(Image-text web data)
*-*-*

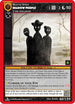 Shadow People (46) [Cryptid Nation: Kickstarter Edition]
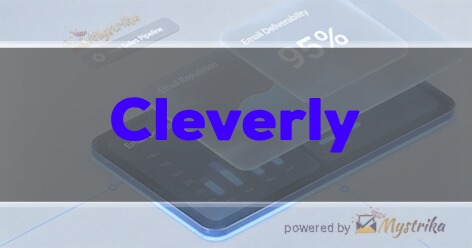 Cleverly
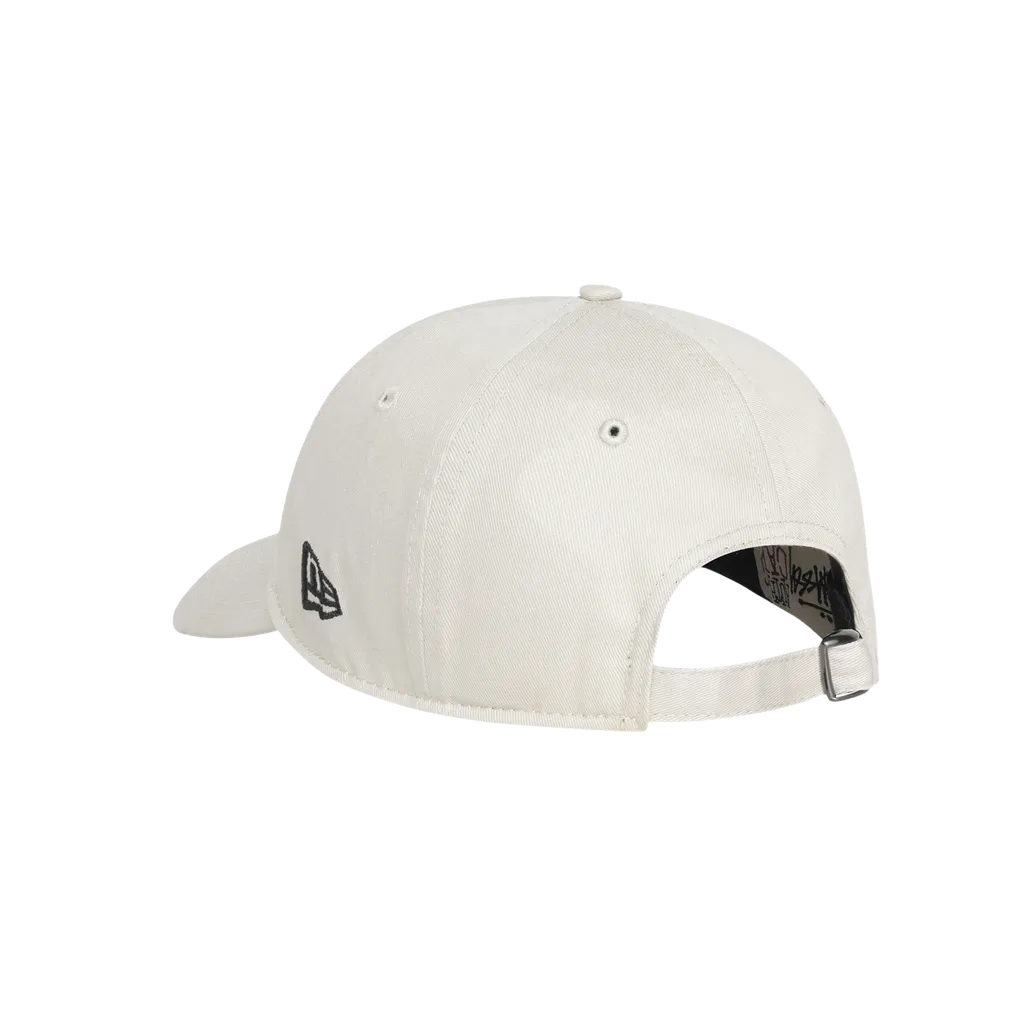 Basic 9Twenty Cap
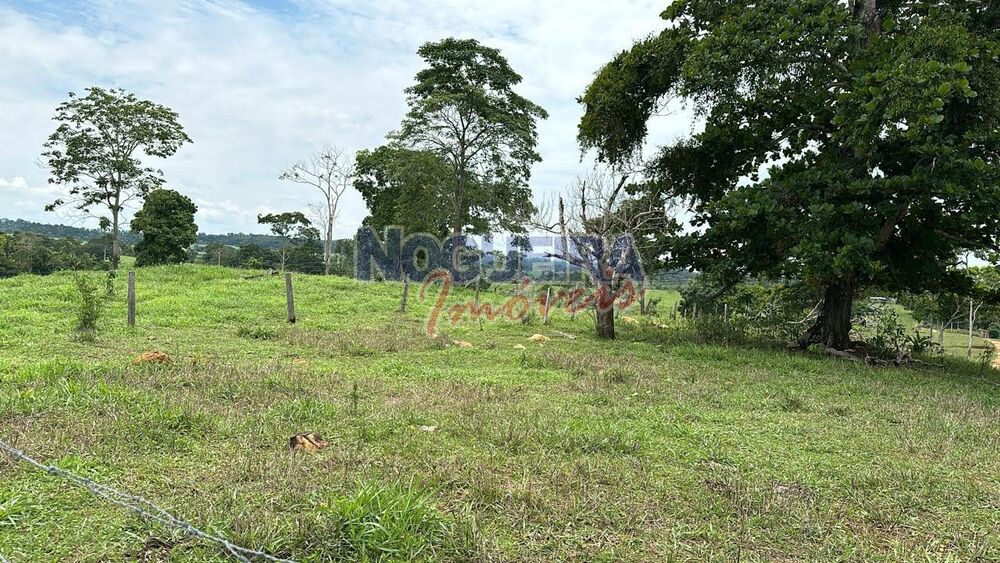 Fazenda à venda, 53m² - Foto 4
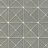 Обои York Geometric Resource Library GM7506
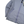 Load image into Gallery viewer, CP Company Lilac Cotton Goggle Hoodie - Medium
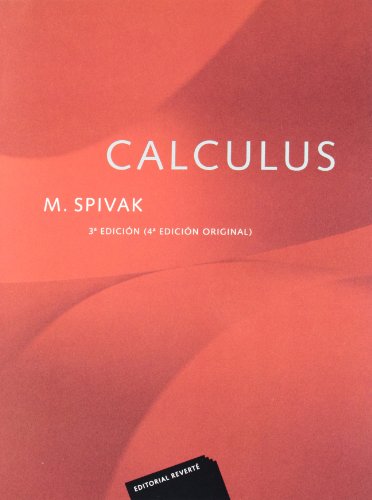 Calculus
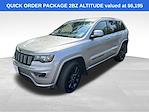 2018 Jeep Grand Cherokee 4WD SUV for sale #P118506 - photo 4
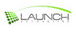 Launch Accounting Solutions Pty Ltd - thumb 0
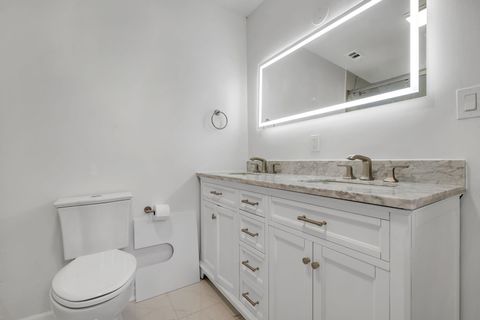 Tiny photo for 2267 Clara Kee Boulevard, Tallahassee, FL 32303 (MLS # 388842)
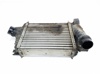 Radiador de intercooler 144961381R RENAULT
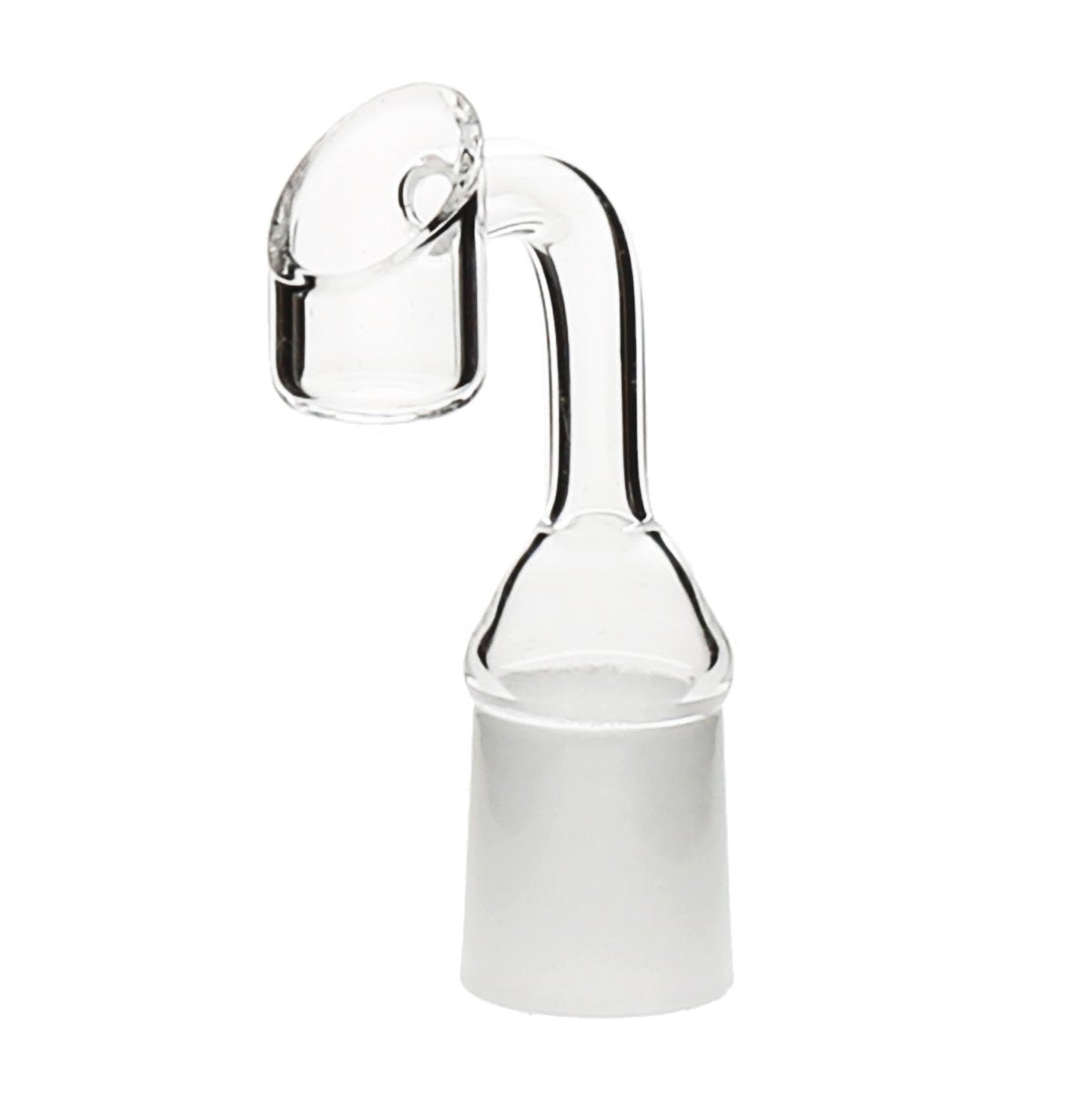 Quartz Banger - 19Mm Female Accessories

*-*-*

• _ACTIVITY_:
The line that contains "Fazenda à venda, 53m² - Foto 4" begins the range and the last line of the entries ends it; print that range exactly, without pictures.

• _EXERCISE OUTPUT_:
 Fazenda à venda, 53m² - Foto 4
 Обои York Geometric Resource Library GM7506
 Load image into Gallery viewer, CP Company Lilac Cotton Goggle Hoodie - Medium
 Calculus
 2018 Jeep Grand Cherokee 4WD SUV for sale #P118506 - photo 4
 Launch Accounting Solutions Pty Ltd - thumb 0
 Tiny photo for 2267 Clara Kee Boulevard, Tallahassee, FL 32303 (MLS # 388842)
 Radiador de intercooler 144961381R RENAULT
 Quartz Banger - 19Mm Female Accessories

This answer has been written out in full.